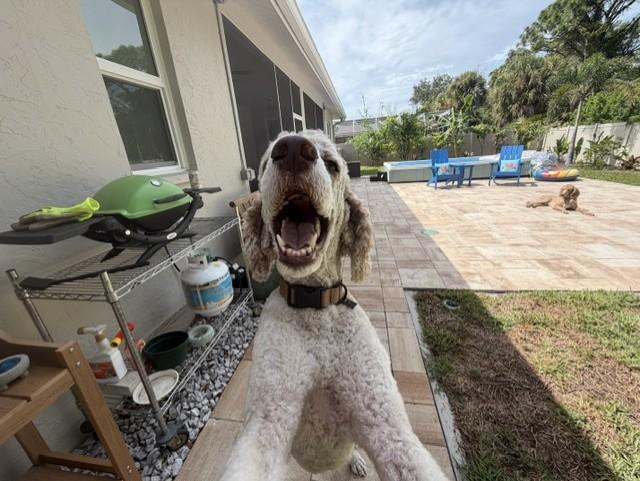 Enlarge Luigi, a Adoptable Standard Poodle in Sarasota, FL image 5/6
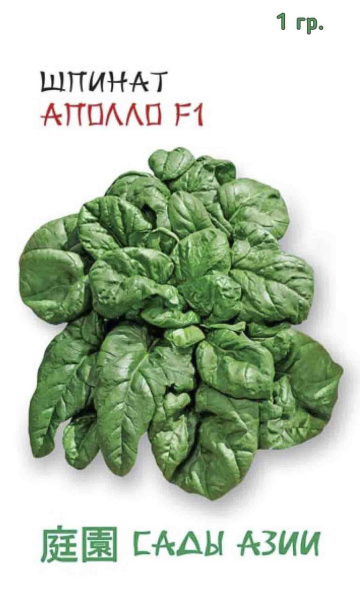 Семена Шпинат Аполло F1 1 гр Сады Азии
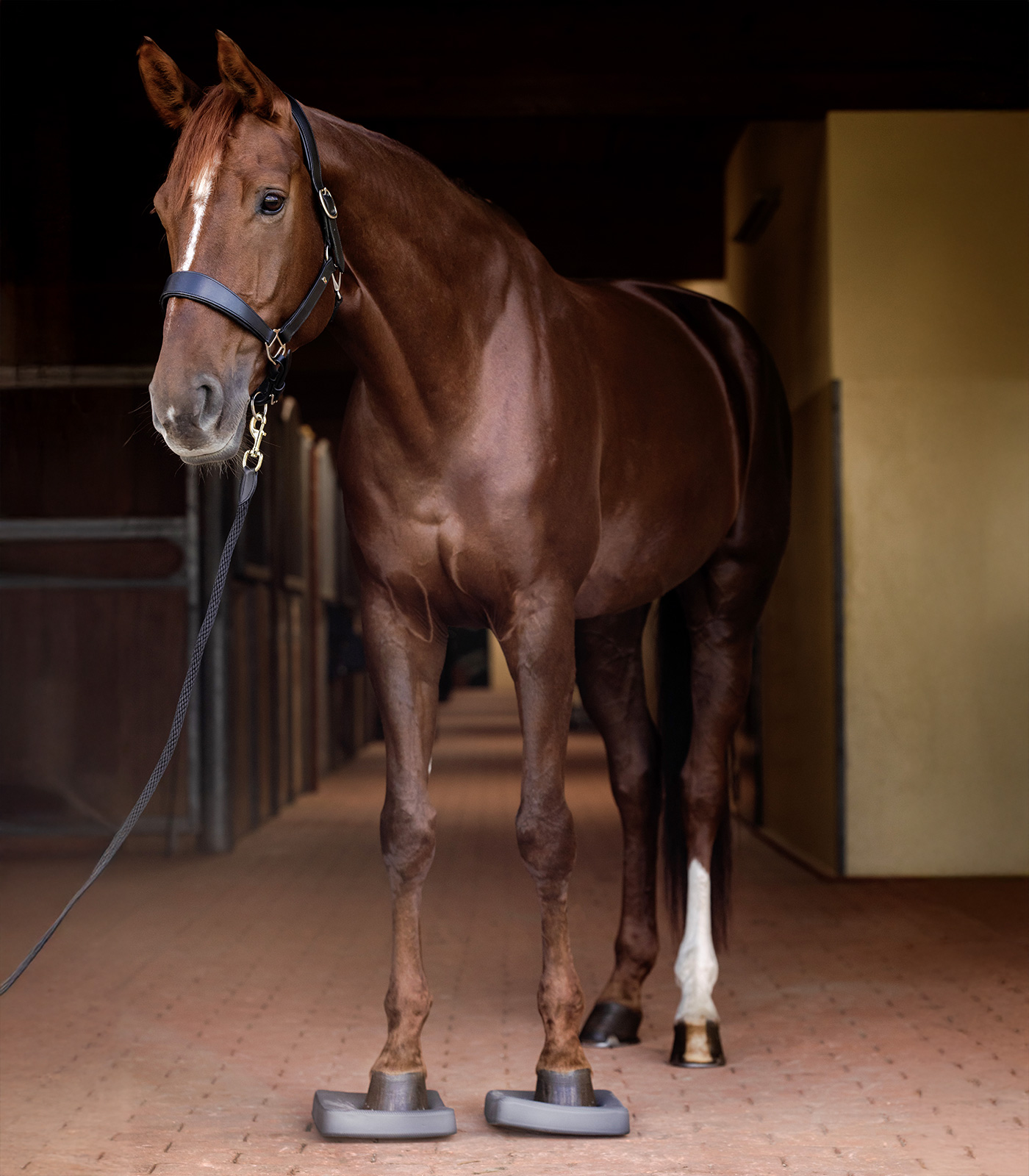 Waldhausen Health + Care Balance Pads - Sagebrush Tack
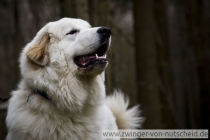Naila_20100403_1
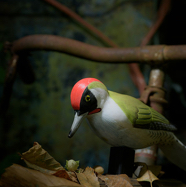 Bas-woody-woodpecker.jpg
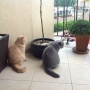 koty brytyjskie - nebraska-i-nashville-w-nowym-domku-mamy-2013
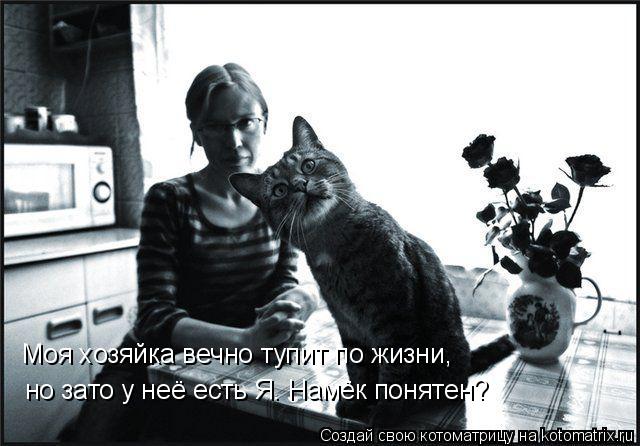 Моя хозяйка вечно тупит по жизни, но зато у неё есть Я. Намёк понятен?... Котоматрица: Моя хозяйка вечно тупит по жизни, но зато у неё есть Я. Намёк понятен?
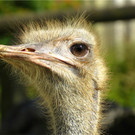 BK_Walter Zoo Gossau 72.JPG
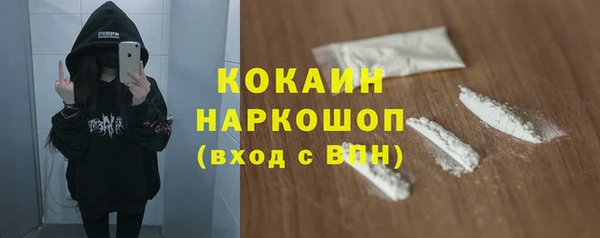 молекула духа Грязовец
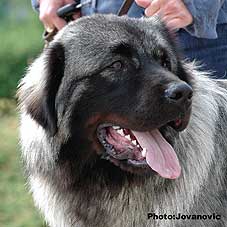 sarplaninac Farouk 9 months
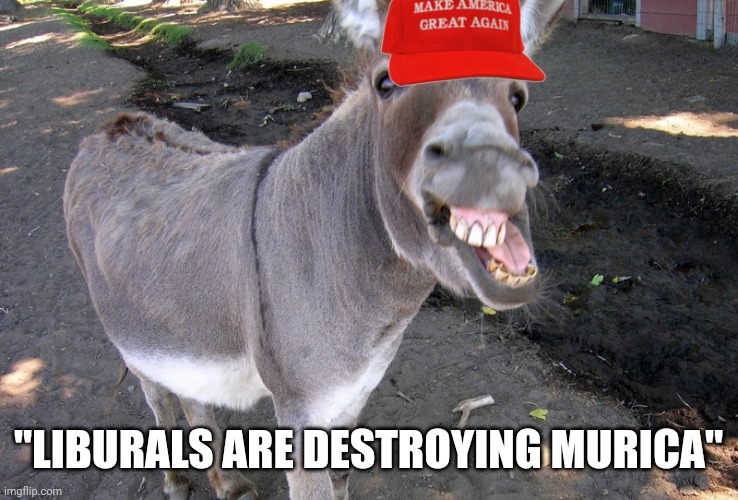 MAGA ASS | "LIBURALS ARE DESTROYING MURICA" | image tagged in maga ass | made w/ Imgflip meme maker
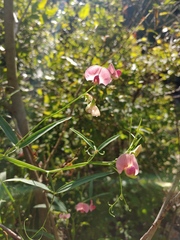Lathyrus sylvestris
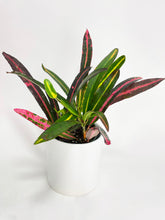 Load image into Gallery viewer, Bumble Plants Croton 'Mother and Daughter'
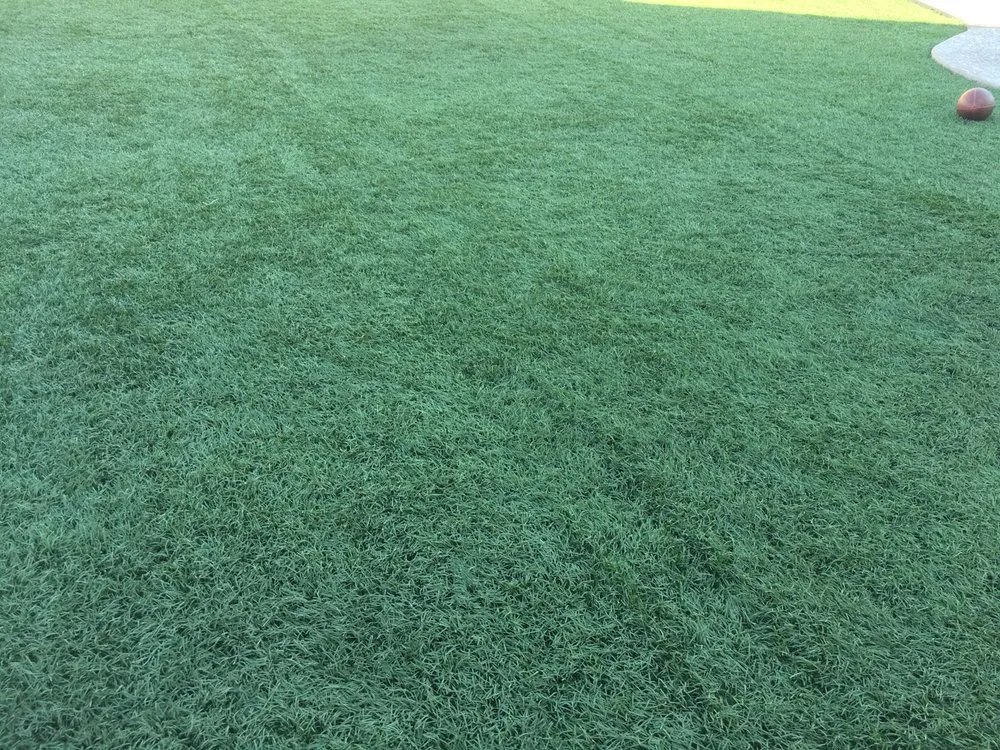 Custom lawn care service in Peoria, AZ - Artificial Grass Recyclers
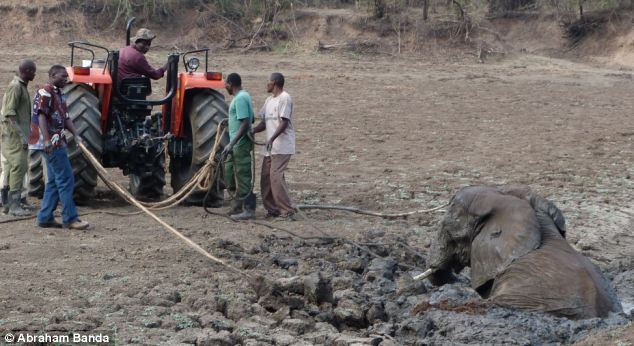 Rescuing a baby elephant and its mother, Kapani Lagoon, Zambia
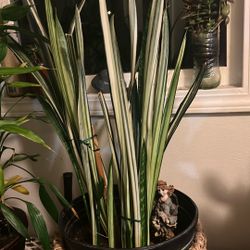 Bantel Sensation Snake Plant 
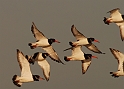 Oystercatcher - G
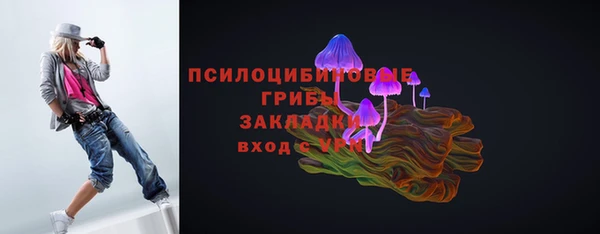хмурый Алексеевка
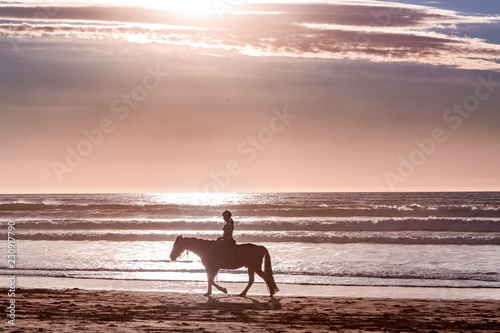 horse on the beach at sunset © Santiago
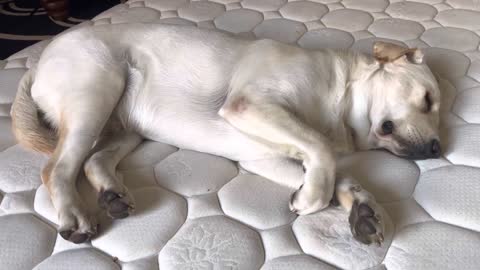 Tez relaxing #labrador #petlover #lab #lab #pets #dog #doglovers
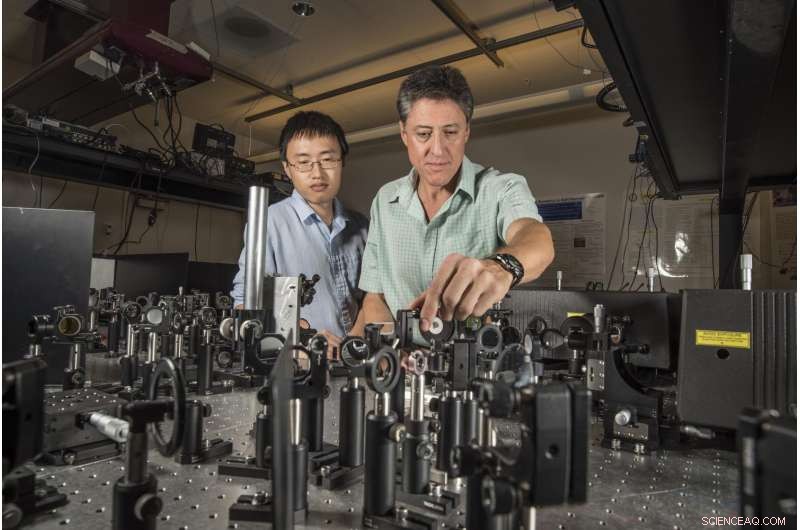 Groundbreaking Terahertz-Speed Polarization Optical Switch Developed by Nanotech Specialists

+ + + + + + +

» Problem description
Could you transcribe exactly the lines running from the one with "Bantel Sensation Snake Plant" to the final line of the material above, both included, with no pictures?

» Answer below
 Bantel Sensation Snake Plant 
 Oystercatcher - G
хмурый Алексеевка
 horse on the beach at sunset © Santiago
 Tez relaxing #labrador #petlover #lab #lab #pets #dog #doglovers
 Groundbreaking Terahertz-Speed Polarization Optical Switch Developed by Nanotech Specialists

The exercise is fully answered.